— Activity —
Write out the whole listing exactly; no images belong in it.

— Information shown —
:::
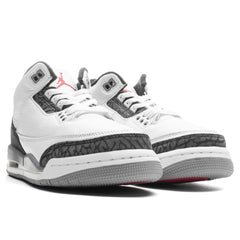3 Retro (PS) - Summit White/Fire Red/Cement Grey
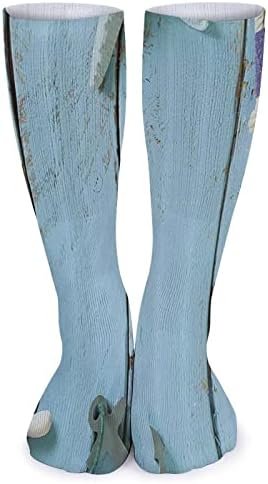 Плажа дрвени wallидни спортови чорапи топли цевки чорапи високи чорапи за жени мажи кои работат обична забава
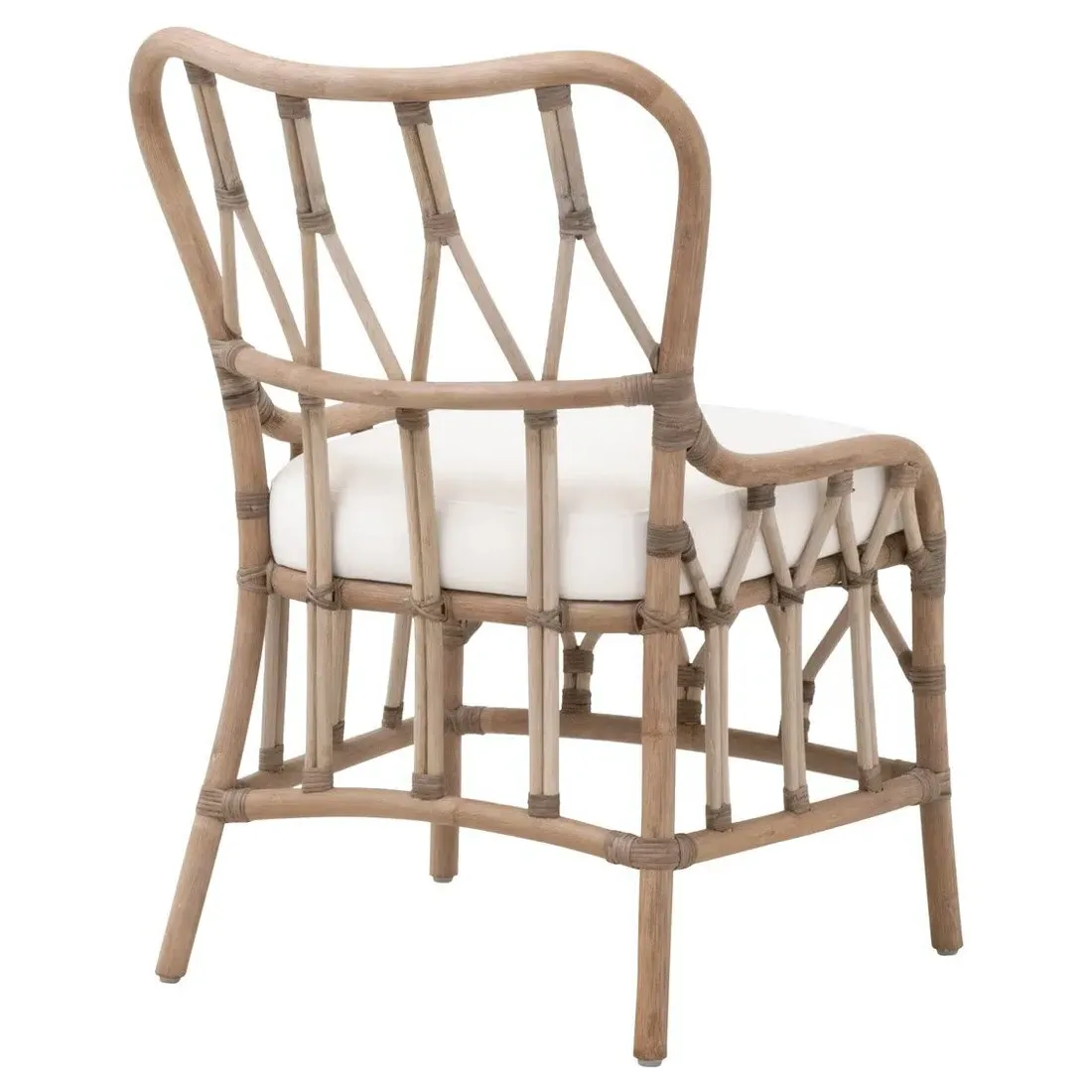 Adelaide Dining Arm Chair Set of 2 - Grey, Rattan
:::
— Answer space —
3 Retro (PS) - Summit White/Fire Red/Cement Grey
 Плажа дрвени wallидни спортови чорапи топли цевки чорапи високи чорапи за жени мажи кои работат обична забава
 Adelaide Dining Arm Chair Set of 2 - Grey, Rattan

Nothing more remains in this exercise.